After reading the results, the British expert confirmed that "the report contains strong evidence" and that "all the results indicate that the level of polonium found in Arafat's exhumed body is higher than any other earlier case of poisoning." This means that "we may be facing an assassination."
Barclay went on to say that polonium levels are known to decrease by half every six months and thus the radioactive material has appeared as lead-210 in Arafat's body. He also said that the investigators can now look for "those who had a motive and the chance" to kill the Palestinian leader.
On her part, Suha Arafat said that the results of the Swiss examination suggest that her husband was murdered and that a crime was committed. She also added that the next step for the French investigators is to continue looking for the killer.
The Palestinian leaders' widow sobbed emotionally after receiving the report.
After hearing Barclay's explanation of the report, Suha spoke in English in the emotionally charged atmosphere to declare: "Those who committed this crime are cowards because they do not want to put their mark on it, but God wanted us to discover the crime nine years later."
She remarked how: "I remember his condition during his last day in the hospital… he told me that he wasn't afraid of death, but he preferred to die in battle." She also noted that, "The father of the Palestinian people died and they became orphans after his death," adding that, "I will do everything I can until the killer is found." She called on the Palestinian Authority to work "until the end to reveal the truth", demanding that they take firm measures.
Samples from Ramallah
In November 2012, Swiss, French and Russian scientists obtained samples from Arafat's remains after his body was exhumed in Ramallah.
It is worth noting that polonium is a radioactive substance present in nature, but the report indicated that there were above average levels found in Arafat's body that are similar to that produced in nuclear reactors.
The Palestinian leader mysteriously fell ill during the second intifada on 12 October 2004 at a time when his compound was being surrounded by Israeli occupation forces.
Arafat suffered from severe nausea, vomiting, abdominal pain and diarrhoea, which a doctor diagnosed at the time as the flu. However, Arafat's health continued to deteriorate and his Egyptian and Tunisian doctors were unable to control it, so he was eventually transferred to Percy Military Hospital in Paris on 29 October 2004.
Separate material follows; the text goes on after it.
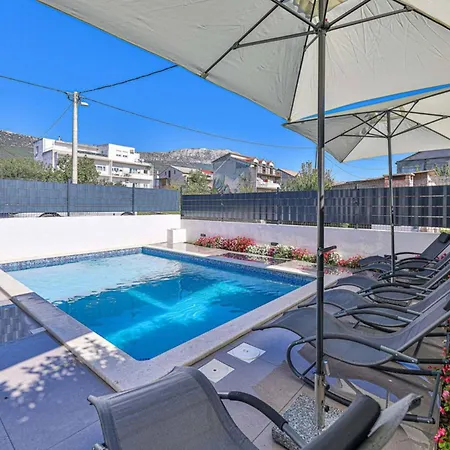 Expansive Retreat With Private Pool & Bbq, Near The * Kastela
The French doctors were also unable to diagnose him, and he went into a coma. Arafat passed away on 11 November 2003 at the age of 75.
There was never an autopsy on Arafat's body after his death in France, nor was his cause of death fully determined. Furthermore, his medical records were never revealed, which raised suspicions in Palestinian circles that he was poisoned.
In early 2011, Al-Jazeera began an extensive investigation into Arafat's death after his widow allowed a team to examine his medical reports and personal belongings, including the clothes he was wearing during his last days, which were given to Swiss forensic scientists because they are known for their neutrality.
In July 2012, Al-Jazeera aired an extensive documentary into the investigation. After examining his possessions, as well as his urine traces, blood spots, and the hair stuck on his hat, the Swiss scientists found high levels of polonium-210.
The various findings by the Swiss experts may have revealed what substance caused Arafat's death, but they still do not address who killed him and how.
The documentary drove French authorities to open a criminal investigation into Arafat's death, which later led to the PA granting them permission to exhume Arafat's body to take 60 samples from his remains and send them to forensic scientists in France, Switzerland, and Russia.
The Russian forensic scientists are expected to reveal the results of their examination soon, while the French scientists are unlikely to release their results until the criminal investigation is complete.
It is known that Ariel Sharon, who was the Israeli Prime Minister during the time of Arafat's illness and death, considered the Palestinian leader as a "terrorist" and an "enemy" and called for eliminating him. However, Israel has repeatedly denied any role in Arafat's illness and death.